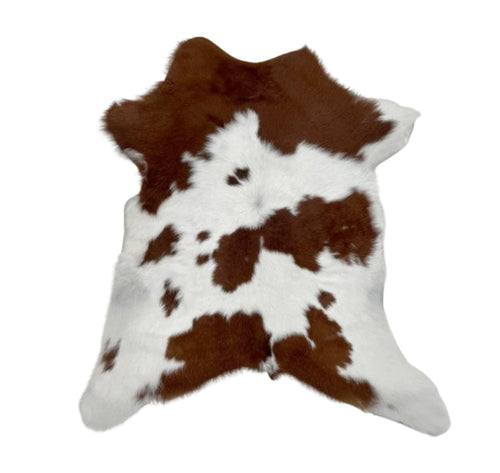 CLF2501 Calf Hide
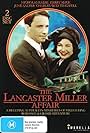 The Lancaster Miller Affair (1986)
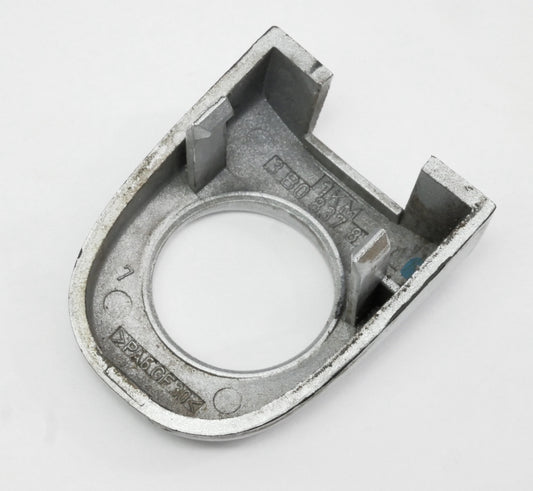 Door Handle Thumb Cap Key Trim VW Golf GTI Jetta Mk4 Passat LA7W - 3B0 837 879 -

■ **What you will do**: The whole listing above should be restated word for word, minus any images.

■ **Exercise response**:
 CLF2501 Calf Hide
 The Lancaster Miller Affair (1986)
 Door Handle Thumb Cap Key Trim VW Golf GTI Jetta Mk4 Passat LA7W - 3B0 837 879 -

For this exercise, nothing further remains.